### MATERIAL PROVIDED
◇ ◇ ◇ ◇

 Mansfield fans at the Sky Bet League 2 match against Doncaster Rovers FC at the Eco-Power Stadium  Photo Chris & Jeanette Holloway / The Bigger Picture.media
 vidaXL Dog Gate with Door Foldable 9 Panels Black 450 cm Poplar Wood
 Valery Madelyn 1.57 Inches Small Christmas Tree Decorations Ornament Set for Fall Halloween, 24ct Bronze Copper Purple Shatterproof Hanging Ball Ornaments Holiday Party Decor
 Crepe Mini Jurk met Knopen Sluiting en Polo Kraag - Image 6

◇ ◇ ◇ ◇

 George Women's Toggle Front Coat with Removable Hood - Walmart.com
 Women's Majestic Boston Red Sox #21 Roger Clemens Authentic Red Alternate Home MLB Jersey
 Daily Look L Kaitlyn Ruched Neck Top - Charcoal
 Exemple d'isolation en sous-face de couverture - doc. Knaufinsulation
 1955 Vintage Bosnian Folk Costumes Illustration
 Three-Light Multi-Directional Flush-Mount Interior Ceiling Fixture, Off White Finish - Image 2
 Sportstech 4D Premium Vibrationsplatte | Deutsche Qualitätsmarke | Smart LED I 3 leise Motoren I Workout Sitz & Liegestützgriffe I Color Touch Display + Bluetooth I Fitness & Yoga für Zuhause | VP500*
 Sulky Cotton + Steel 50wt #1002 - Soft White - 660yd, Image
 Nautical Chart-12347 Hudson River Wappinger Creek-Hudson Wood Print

◇ ◇ ◇ ◇

### ASSIGNMENT
Scan the data above for the word "Wood" and report every line where it is found.

### OUTPUT FOR THIS TASK
 vidaXL Dog Gate with Door Foldable 9 Panels Black 450 cm Poplar Wood
 Nautical Chart-12347 Hudson River Wappinger Creek-Hudson Wood Print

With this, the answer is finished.